Mayer also drew upon many experiences in the music program that prepared her for her career. These included leading a chapel band which expanded her musical repertoire and gave her experience singing in front of a large crowd, learning how to use a soundboard which she uses every time she streams on Twitch, and being told to always hire a lawyer when working with other artists on songs so she receives fair pay for her work. This is also where she learned the true meaning of worship.

“When most people think of worship, they think of Sunday mornings before the sermon where you repeat the chorus over and over. There’s so much more to it,” she said. “Worship is something everyone can do using the gifts they have.”

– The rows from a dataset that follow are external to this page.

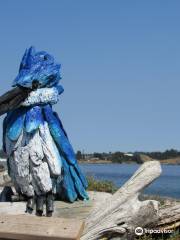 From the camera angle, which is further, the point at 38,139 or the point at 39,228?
the point at 38,139

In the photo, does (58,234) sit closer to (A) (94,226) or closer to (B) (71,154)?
(A) (94,226)

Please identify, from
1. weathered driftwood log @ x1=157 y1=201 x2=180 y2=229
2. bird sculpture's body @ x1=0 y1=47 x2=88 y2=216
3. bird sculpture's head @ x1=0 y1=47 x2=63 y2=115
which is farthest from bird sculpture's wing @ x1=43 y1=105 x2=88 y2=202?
weathered driftwood log @ x1=157 y1=201 x2=180 y2=229

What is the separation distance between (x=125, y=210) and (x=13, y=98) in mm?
1844

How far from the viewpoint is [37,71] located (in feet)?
20.8

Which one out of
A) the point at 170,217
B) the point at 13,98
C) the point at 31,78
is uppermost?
the point at 31,78

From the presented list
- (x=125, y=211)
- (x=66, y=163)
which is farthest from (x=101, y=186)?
(x=125, y=211)

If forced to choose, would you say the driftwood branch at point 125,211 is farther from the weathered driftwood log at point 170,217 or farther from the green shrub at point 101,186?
the green shrub at point 101,186

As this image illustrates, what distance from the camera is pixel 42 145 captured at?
6.16 m

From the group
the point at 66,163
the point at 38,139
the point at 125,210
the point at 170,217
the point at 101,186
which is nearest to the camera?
the point at 125,210

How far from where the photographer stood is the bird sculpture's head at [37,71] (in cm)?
621

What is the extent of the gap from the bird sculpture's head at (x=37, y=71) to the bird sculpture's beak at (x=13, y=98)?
7cm

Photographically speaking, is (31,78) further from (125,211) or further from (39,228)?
(39,228)

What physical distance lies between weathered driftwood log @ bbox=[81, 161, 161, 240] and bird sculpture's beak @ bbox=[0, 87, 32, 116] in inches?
64.0

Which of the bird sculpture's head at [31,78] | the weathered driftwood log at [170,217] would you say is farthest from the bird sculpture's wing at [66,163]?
the weathered driftwood log at [170,217] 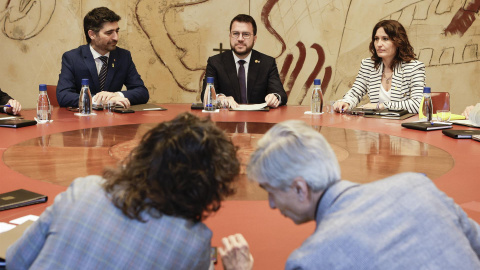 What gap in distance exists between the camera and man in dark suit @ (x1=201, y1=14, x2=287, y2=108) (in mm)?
4688

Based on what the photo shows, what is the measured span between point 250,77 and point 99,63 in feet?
4.25

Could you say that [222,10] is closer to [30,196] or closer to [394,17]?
[394,17]

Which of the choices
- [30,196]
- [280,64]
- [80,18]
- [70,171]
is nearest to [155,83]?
[80,18]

Mayer also majored in honors humanities. Being a part of the Honors College was one of her favorite parts of APU. “I loved the intentionality of honors. It taught me how to think critically,” she said. “Writing and discussing deep topics is my bread and butter.” Mayer specifically credits colloquy with David Weeks, PhD, Diana Pavlac Glyer, PhD, and Gary Black, PhD, where she learned ideas that have inspired many of her lyrics. “They taught me how to look at the big picture and see how we can take these intricate concepts and make them into something that’s relatable, showing people a better piece of humanity.”

Mayer trusts that God is guiding her in the right direction. “I’d love to have a big impact, but I don’t want it to be about me,” she said. “If there’s a way I could take people on little blind dates with Jesus and have them leave the show talking more about the music than the artist, talking about the meaning behind the songs, that to me is impact.”